# Thread: Linear operators and finding bases

1. ## Linear operators and finding bases

Hi, I'm having trouble with a couple of questions.

A linear operator T on R^4 has the matrix
A= [some 4x4 matrix]
with respect to bases Alpha=Beta=E4.

Find the basis for T(R^4).

-I understand what to do when the question reads find T(1,2,-4,0) or something like that, I'm not sure what to do when it asks me to find a basis for all of R^4.

If someone could please explain the steps on how to tackle this problem I would be appreciative of that.

Find the basis of the kernel of T
and
Find the standard basis of the kernel of T.

If anyone could clarify what is the difference between the two and how the calculation procedures are different I would also appreciate that.

Thank you very much.

2. Originally Posted by Torcida1911
Hi, I'm having trouble with a couple of questions.

A linear operator T on R^4 has the matrix
A= [some 4x4 matrix]
with respect to bases Alpha=Beta=E4.

Find the basis for T(R^4).

-I understand what to do when the question reads find T(1,2,-4,0) or something like that, I'm not sure what to do when it asks me to find a basis for all of R^4.
Consider the following 4 vectors in $R^4$

$e_1 = (1,0,0,0)$, $e_2 =(0,1,0,0)$, $e_3=(0,0,1,0)$, $e_4=(0,0,0,1)$

These vectors are linearly independent and span $R^4$. Thus the vectors form a basis of $R^4$ called the usual basis of $R^4$.

If someone could please explain the steps on how to tackle this problem I would be appreciative of that.

Find the basis of the kernel of T
and
Find the standard basis of the kernel of T.

If anyone could clarify what is the difference between the two and how the calculation procedures are different I would also appreciate that.

Thank you very much.
The standard unit vectors $e_1,e_2,...,e_n$ are linearly independent for if we write $c_1e_1+...c_ne_n =0$
The usual or standar basis in component form then we obtain $c_1...c_n = (0,...0)$, which implies the coeficients are zeroes.

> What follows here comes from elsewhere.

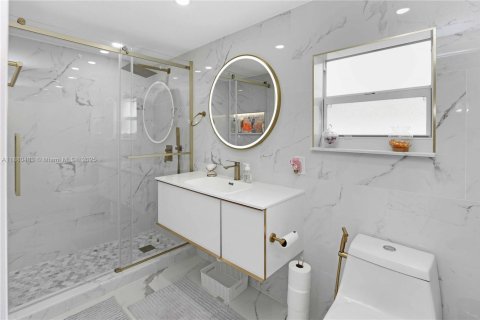 Villa ou maison à vendre à Miami, Floride: 3 chambres, 152.73 m2 № 1924793 - photo 28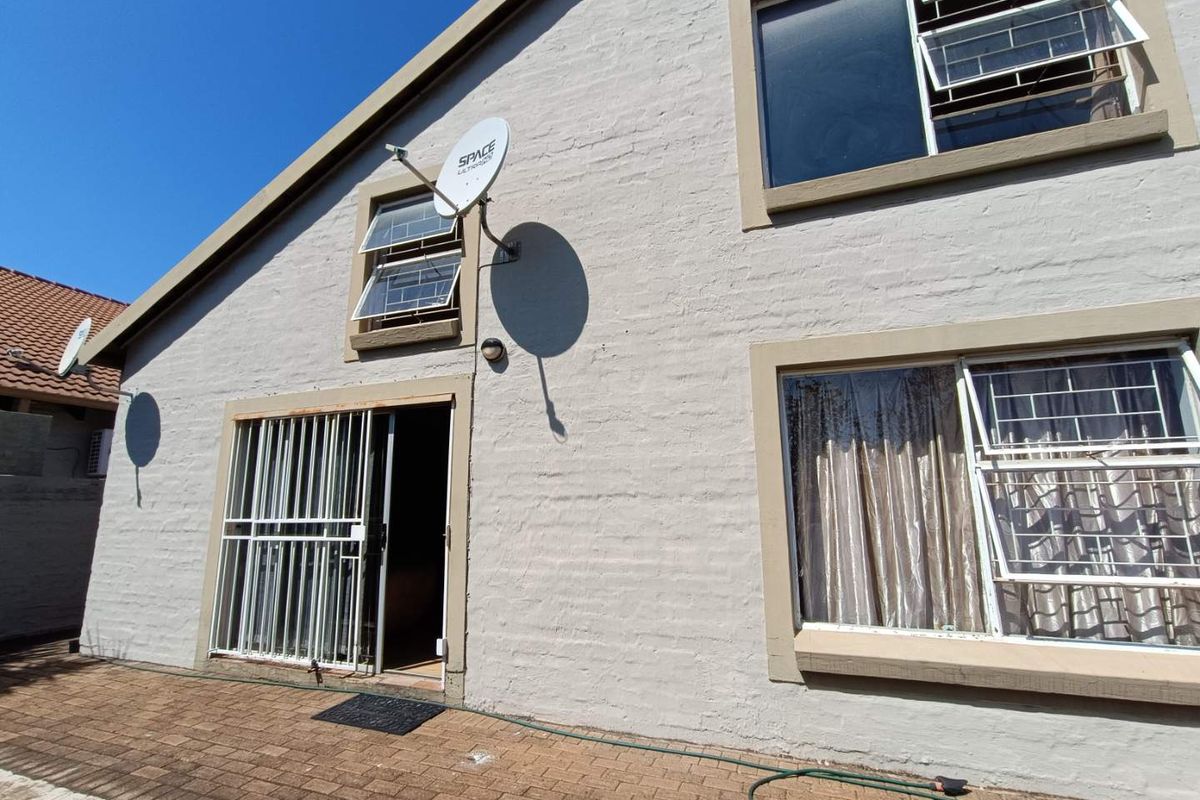 HEUWELSIG SECURITY ESTATE - CENTURION - 3 BEDROOMS - 2 BATH - Photo 4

Furthermore the vectors span $R^n$ because an arbitrary vector $x = (x_1,...,x_n)$ can be expressed as

$x=x_1(1,0,...0)+x_2(0,1,...,0)+...+x_n(0,0,...,1)= x_1e_1+x_2e_2+...+x_ne_n$

We call $e_1, e_2,...,e_n$ the usual or standard basis for $R^n$.

Edit: I think in your problem to find a basis of the kernel of the map T you must set T(v)=0 where v=(x,y,z,t) and then set corresponding components equal to each other to form a homogeneous system whose solution space is the kernel of T.